The grounds around the mansion are beautifully landscaped, both in the rear...

....and front.

Since the mansion was completed in 1917, many pine trees have grown and have obscured the view of Denver, but have added to the beauty of the location.

 Please click to enlarge--photos of Charles Boettcher and his granddaughter Charline Humphreys Breeden.

After Boettcher and his wife, Fannie, officially separated in 1920, the property became Boettcher’s personal retreat and for the next three decades, he stayed at the lodge each year from June to September, using it as a base for hunting and entertaining. Upon Boettcher’s death in 1948, the estate passed to his granddaughter, Charline Humphreys Breeden. Breeden raised her family at the lodge before making plans in the late 1960s to donate the house and surrounding grounds to Jefferson County for public use. When she died in 1972, the 110-acre property officially became county land.

Jefferson County built a nature trail on the grounds and opened the lodge to the public in 1975 as a combined conference and nature center. In the 1980s the entire property was managed by Jefferson County’s Open Space program, but in 1989 Lorraine Lodge was renamed Boettcher Mansion and became its own entity within the Jefferson County Parks Department.
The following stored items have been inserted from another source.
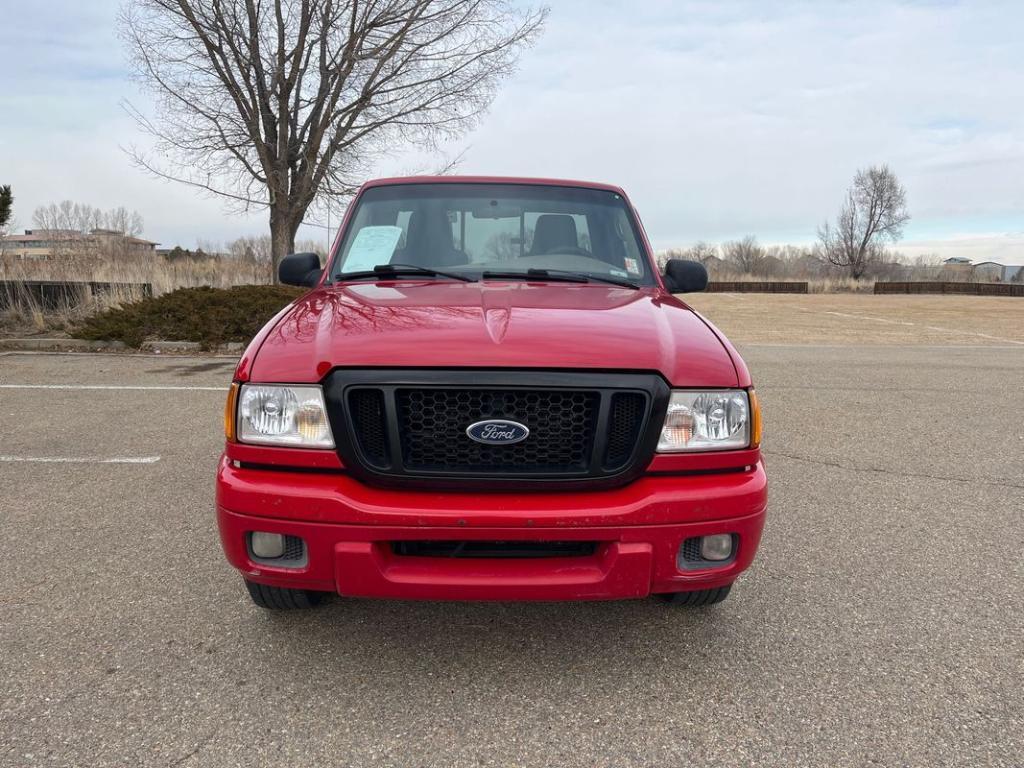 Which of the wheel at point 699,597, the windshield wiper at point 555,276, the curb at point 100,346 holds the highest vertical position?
the windshield wiper at point 555,276

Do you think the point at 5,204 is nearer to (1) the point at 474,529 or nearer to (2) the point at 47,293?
(2) the point at 47,293

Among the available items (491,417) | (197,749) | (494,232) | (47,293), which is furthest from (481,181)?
(47,293)

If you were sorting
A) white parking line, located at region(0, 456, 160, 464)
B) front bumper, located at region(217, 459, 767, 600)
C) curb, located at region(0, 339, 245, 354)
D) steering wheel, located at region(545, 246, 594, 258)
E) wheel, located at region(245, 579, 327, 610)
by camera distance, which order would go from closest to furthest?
front bumper, located at region(217, 459, 767, 600) → wheel, located at region(245, 579, 327, 610) → steering wheel, located at region(545, 246, 594, 258) → white parking line, located at region(0, 456, 160, 464) → curb, located at region(0, 339, 245, 354)

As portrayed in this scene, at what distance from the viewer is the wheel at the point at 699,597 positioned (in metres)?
2.65

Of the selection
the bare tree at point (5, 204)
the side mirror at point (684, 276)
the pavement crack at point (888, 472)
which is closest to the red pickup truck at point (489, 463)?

These changes were intended to help differentiate the mansion, which had become a popular conference and wedding venue, from the Lookout Mountain Nature Center, which moved into a new building on the property in the 1990s.

In the collage above you can see, what was know as the Fireside Room (left) in the mansion, is now a large banquet room that can accommodate 200 people.  Boettcher Mansion has become a popular wedding venue site

The Boettcher Mansion retains some of the original Stickley classic furnishings.

Many rooms inside the mansion can be used as meeting rooms for conferences...

...and there is also an up to date, state of the art kitchen inside for catering purposes.

There is also a gift shop in the mansion as well as many interesting framed historical photos, period newspaper clippings, and information in the hallways. In the upper right on the collage above, you can see a photo of Chief Colorow. He often roamed this part of Colorado and liked to camp on Lookout Mountain.  You can read more about him on this blog post--click here.

Boettcher Mansion and the Lookout Mountain Nature Center continue to share the open-space park at the top of the mountain, which has grown from Boettcher’s original 62-acre purchase to the 134-acre Lookout Mountain Nature Preserve.  

I really enjoyed my visit to Boettcher Mansion and learning more about its history, and I hope you did too!

Further information:

The Boettcher Mansion
900 Colorow Road
Golden, 80401
Phone: 720-497-7630

Monday - Friday
8 a.m. - 4 p.m.
(Nights, weekends, and holidays by
appointment or reservation.)

PS: I am reaching the end of my foot surgery recovery and hope to be back to wearing shoes again soon, and be able to get back to a normal schedule. We have so many wonderful places to hike in Colorado and I'm looking forward to being able to walk well again. I really hope this surgery will help to make hiking comfortable for me. Thanks for all your good wishes!